## [ASSIGNED TASK]
Scan the records below for lines with the word "фото", then state how many you find and nothing else.
::: DATA RECORDS
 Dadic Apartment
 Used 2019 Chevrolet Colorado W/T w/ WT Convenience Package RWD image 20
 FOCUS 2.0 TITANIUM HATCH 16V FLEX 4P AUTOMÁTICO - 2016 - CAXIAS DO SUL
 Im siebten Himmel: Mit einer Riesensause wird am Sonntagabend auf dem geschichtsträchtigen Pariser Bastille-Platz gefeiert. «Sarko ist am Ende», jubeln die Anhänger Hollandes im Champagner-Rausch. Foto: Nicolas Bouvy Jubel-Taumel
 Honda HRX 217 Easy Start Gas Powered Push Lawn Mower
::::::
::: DATA RECORDS
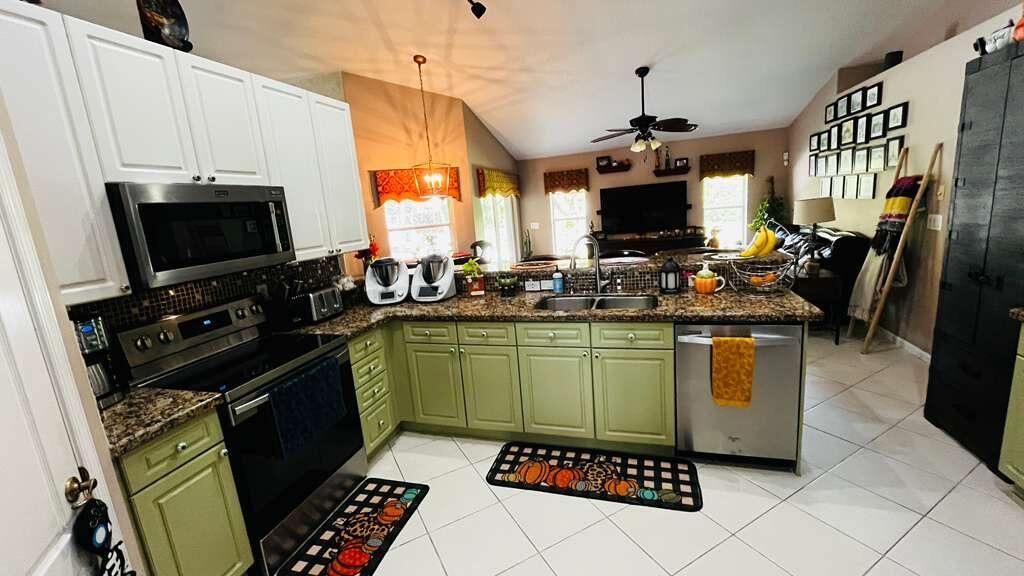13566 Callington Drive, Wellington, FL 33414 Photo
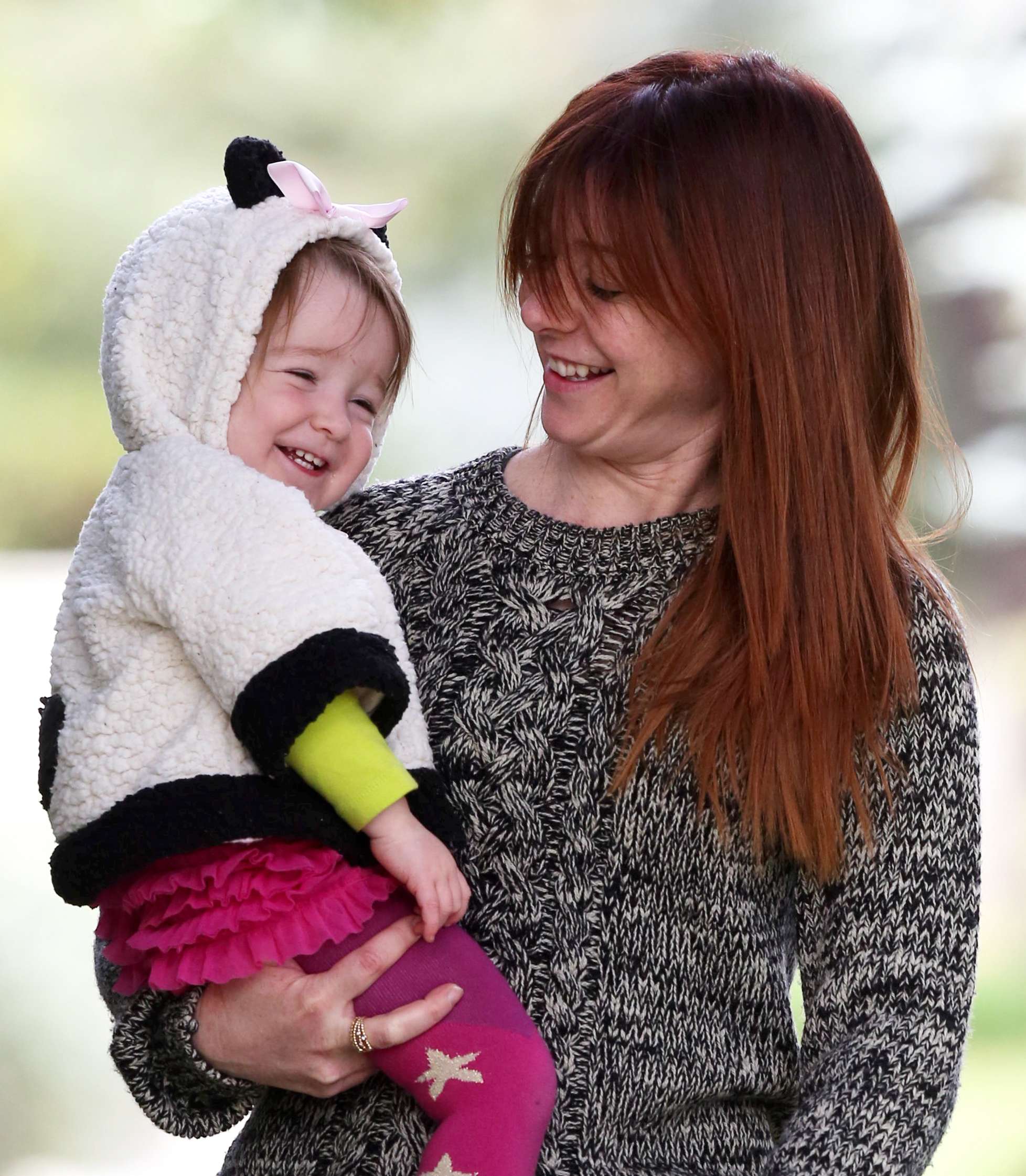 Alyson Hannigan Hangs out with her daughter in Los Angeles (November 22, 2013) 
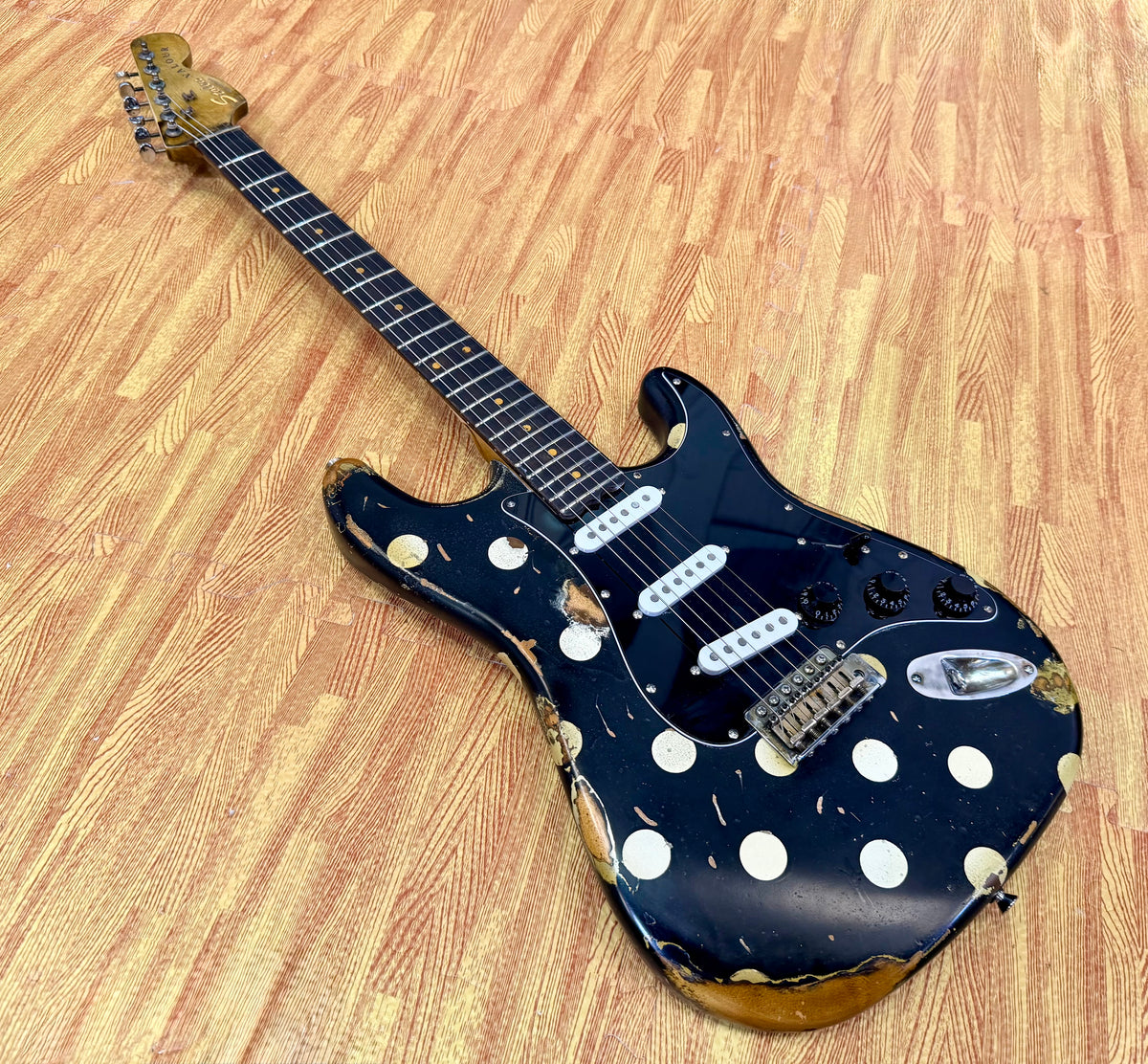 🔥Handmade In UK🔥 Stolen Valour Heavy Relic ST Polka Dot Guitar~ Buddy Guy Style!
::::::
::: DATA RECORDS
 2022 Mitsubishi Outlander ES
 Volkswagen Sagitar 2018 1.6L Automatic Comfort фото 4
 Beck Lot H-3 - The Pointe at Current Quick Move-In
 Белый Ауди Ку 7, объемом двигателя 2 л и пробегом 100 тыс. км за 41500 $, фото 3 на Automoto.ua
::::::
## [WRITTEN REPLY]
2